I got back from NIPS on Sunday; sadly I got sick on the last day. Despite this, it was by far my most productive conference ever. Admittedly, I made a point to try to make it productive (being somewhat geographically isolated means that it's in my best interest), but even so, I had a fantastic time. There are several ideas that I plan on blogging on in the near future, but for now, I'll focus on the actual conference program. The standard disclaimer applies: I didn't see everything and just because something's not listed here doesn't mean I didn't enjoy it. I'll try to limit my commentary to papers that are relevant to the NLP audience, but I may stray. I'll conclude with a bit of my sense of what was in and out this year.
- Kristina Toutanova and Mark Johnson had a topic-model style paper for doing semisupervised POS tagging. There are two new things here. First, they actually model context (yay!) which we know is important in language. Second, they introduce a notion of a confusion class (what possible POS tags can a word get) and actually model this. This latter is something that makes sense in retrospect, but is not obvious to think of (IMO). They actually get good results (which is non-trivial for topic models in this context).
- Alex Bouchard-Cote and three more of the Berkeley gang had a paper on language change.
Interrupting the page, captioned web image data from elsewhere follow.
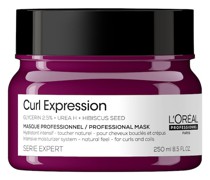 Serie Expert Curl Expression Intensive Moisturizer Mask Haarkur & -maske 250 ml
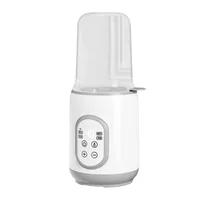 New Temperature Control Baby Milk Warmer Sterilize Defrost Baby Food Jar Heating Multi-Function Heating Functions Baby Feeding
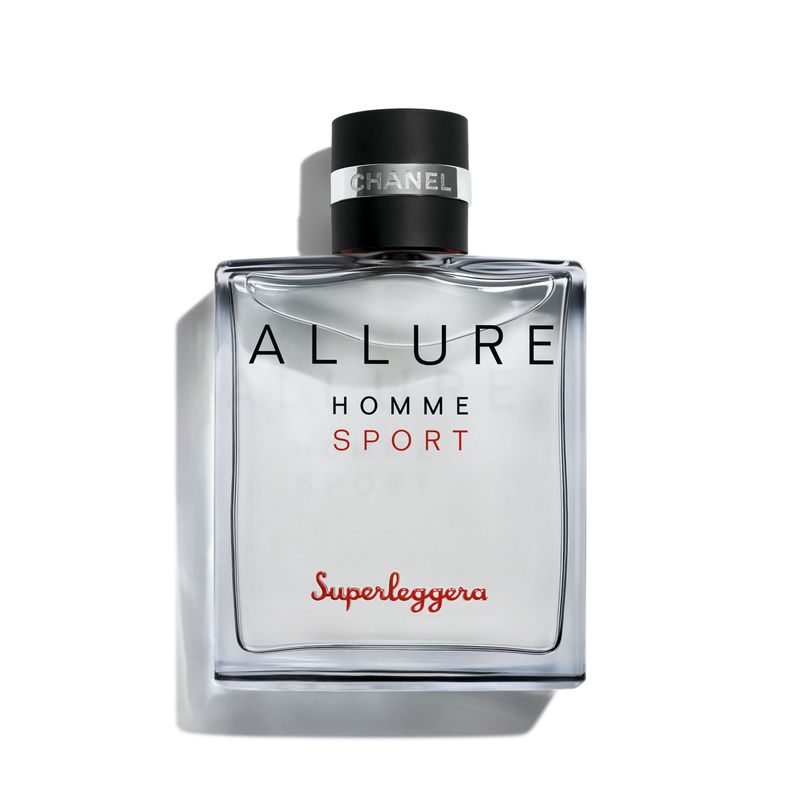 CHANEL ALLURE HOMME SPORT SUPERLEGGERA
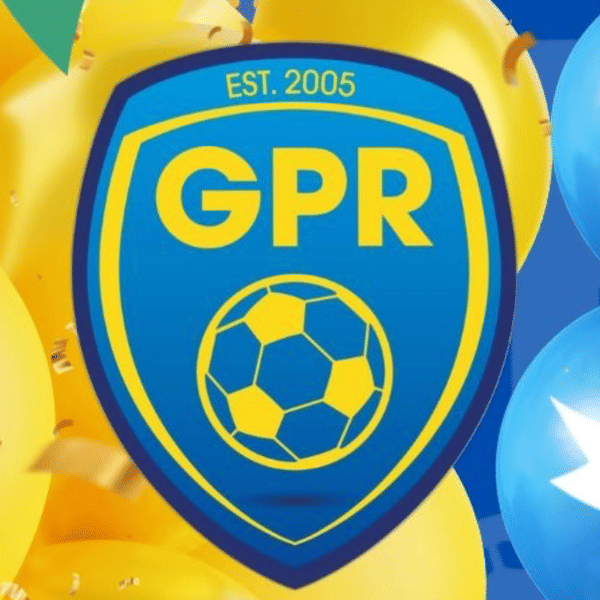 Grange Park Rangers U12 Blues badge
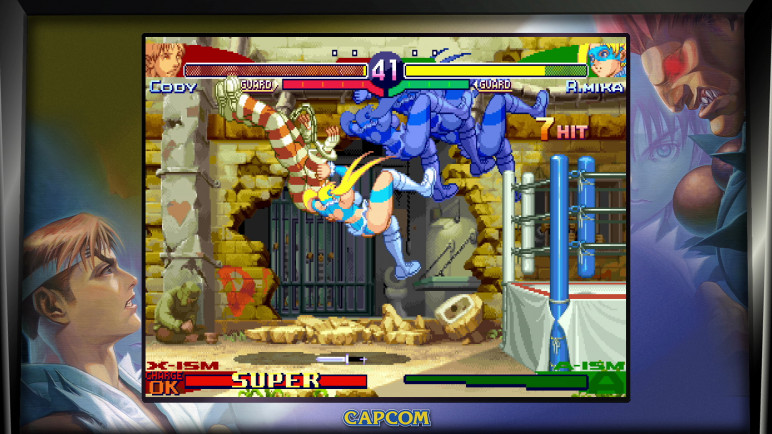 Ключи и гифты для Street Fighter 30th Anniversary Collection – изображение 9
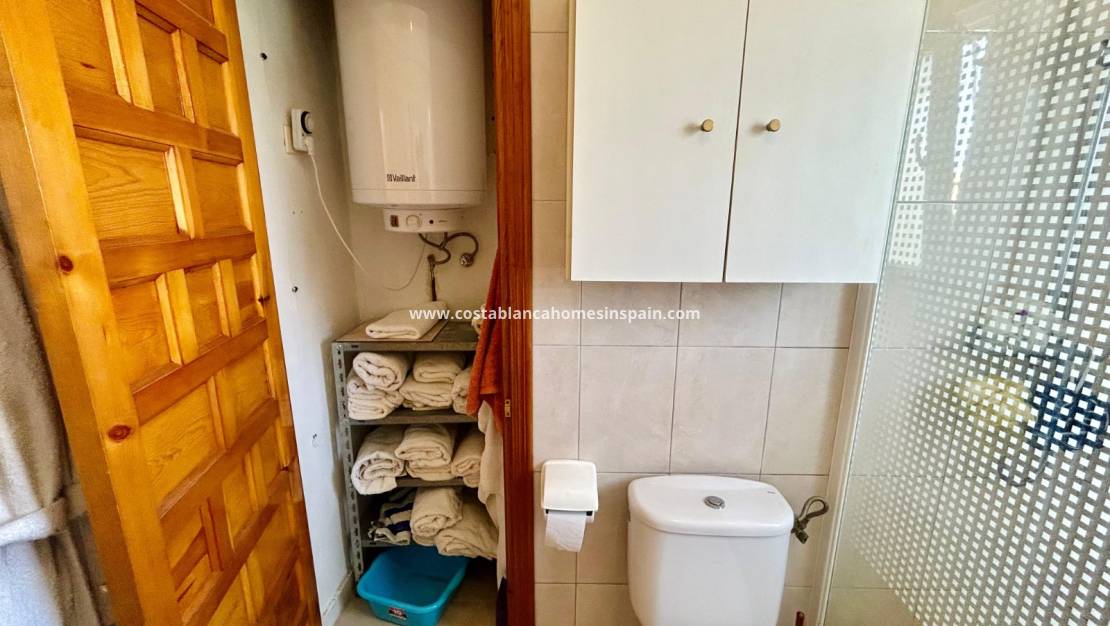 Endursölu - Semi - Detached Villa - El Chaparral - El chaparral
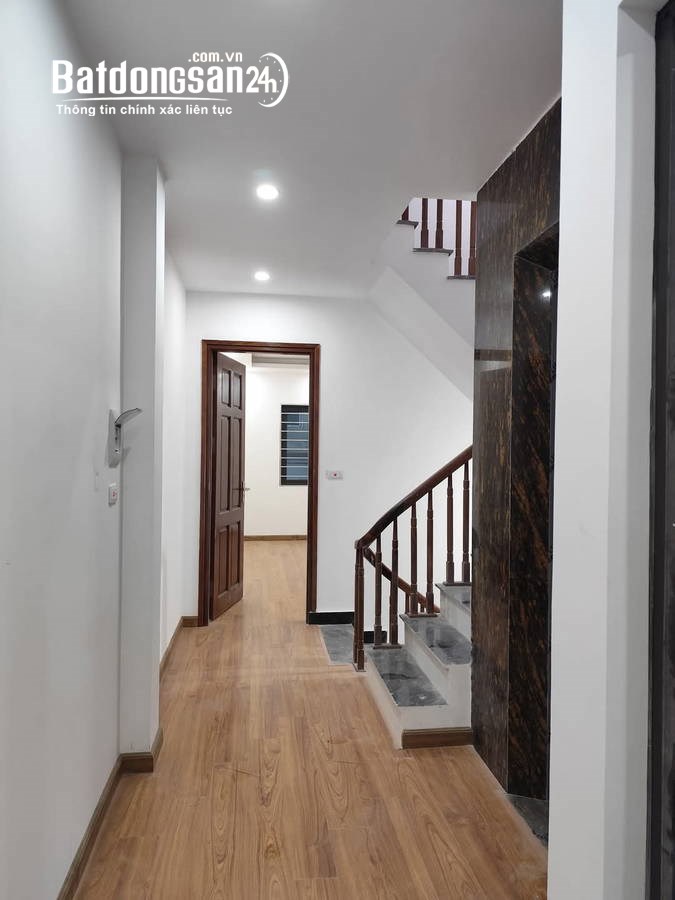 Bán nhà Tựu Liệt, Thanh Trì, 59m2, 5 tầng, thang máy, hơn 7 tỷ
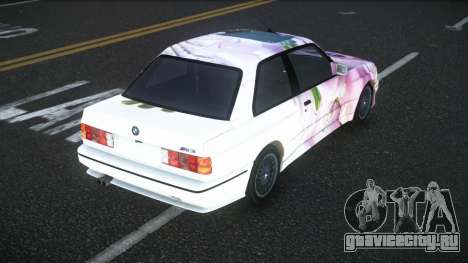 BMW M3 E30 Launah S8 для GTA 4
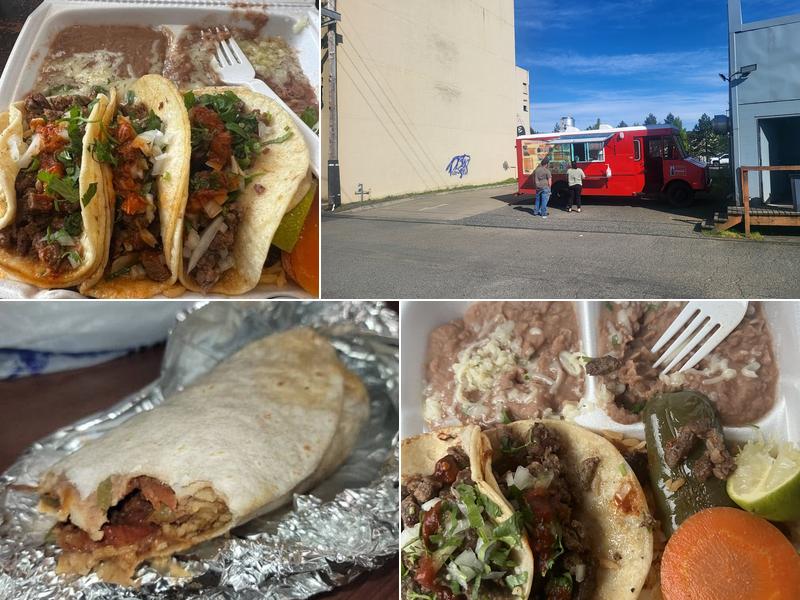 Mr. Taco Simpson Ave, Hoquiam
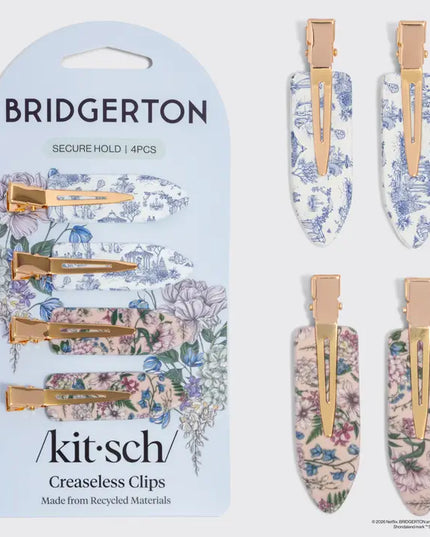 Kitsch- Bridgerton Creaseless Clip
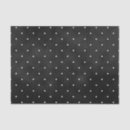 Buscar lunares negros papel de seda General y unisex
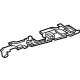 Toyota 55606-48070 Under Cover, Driver Side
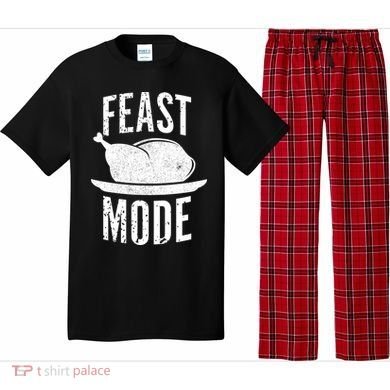 Feast Mode Pajama Set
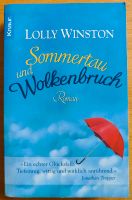 Lolly Winston Sommertau und Wolkenbruch Roman Buch Bayern - Marktoberdorf Vorschau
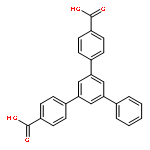 5'-Phenyl-[1,1':3',1''-terphenyl]-4,4''-dicarboxylic acid
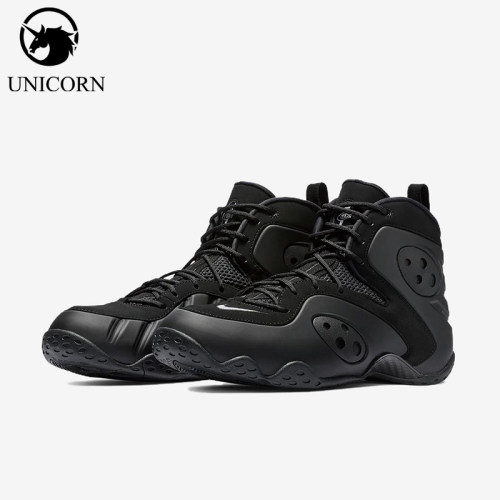 Nike/耐克正品男士减震防滑高帮复古篮球鞋BQ3379-002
If you saw their paper at ACL, they're attacking a pretty similar problem, by looking at phonological divergences between a handful of languages. I'd love to be able to reconcile their approach with what I've been working on---I use a huge database of typological knowledge; they use word forms...I'd love to use both, but I really like working with thousands of languages and it's hard to find corpora for all of these :).
- John Blitzer had a good paper (with other Penn folks) on learning bounds for domain adaptation. If you care at all about domain adaptation, you should read this paper.
- Alex Kulesza and Fernando Pereira had a great paper on what happens if you try to do structured learning when the underlying prediction (inference) algorithm is approximate. They show that things can go very wrong in widely different ways. This is a bit of a negative results paper, but it gives us (a) a strong sense that proceeding with a generic learning algorithm on top of an approximate inference algorithm is not okay and (b) a few ideas of what can actually go wrong.
- Yee Whye Teh, Kenichi Kurihara and Max Welling continue their quest toward collapsed variational models for all problems in the world by solving the HDP. (For those who don't know, you can think of this as LDA with a potentially infinite number of topics, but of course the real case is more interesting.)
- Ali Rahimi and Benjamin Recht presented a very cool analysis of kernel methods when your kernel is of the form K(x,z) = f(x-z). This is the case for, eg., the RBF kernel. This is something that I've wanted to try for a while, but to be honest my poor recollection of my analysis training left me a bit ill equipped. Essentially they apply a Fourier analysis to such kernels and then represent the kernel product K(x,z) as a dot product in a new input space, where kernelization is no longer required. The upshot is that you can now effectively do kernel learning in a linear model in primal space, which is very nice when the number of examples is large.
- David Heckerman gave a really nice invited talk on graphical models for HIV vaccine design. What he was particularly interested in was analyzing whether standard methods of determining correlation between events (eg., "do I have HIV given that I have some genomic signal?") work well when the data points are not independent, but rather belong to, eg., some genetic population. This is effectively what Lyle Campbell and I were doing in our ACL paper last year on typological features. Curing HIV might be a bit more of an interesting application, though :). Essentially what David and his colleagues do is to build a hierarchy on top of the data points and then let this explain some of the interactions and then figure out what isn't explained by this hierarchy. In the linguistic sense, this is effectively separating historical from areal divergences. I'll have to read up more on what they do, precisely.
My only serious quibble with the program this year is that I saw a handful of papers (and at least one that got an oral and one a spotlight) that really fell down in terms of evaluation. That is, these papers all proposed a new method for solving task X and then proceeded to solve it. The experiments, however, contained only comparisons to algorithms that did not have access to all the information that X had. I'll give an example of something that would fall in this category but I have not seen appear anywhere: I build a structured prediction algorithm and compare only against algorithms that make independent classification decisions. I'm not a huge quibbler over comparing against the absolute state of the art, but it really really irks me when there are no comparisons to algorithms that use the same information, especially when standard (read: they are in any reasonable machine learning textbook) algorithms exist.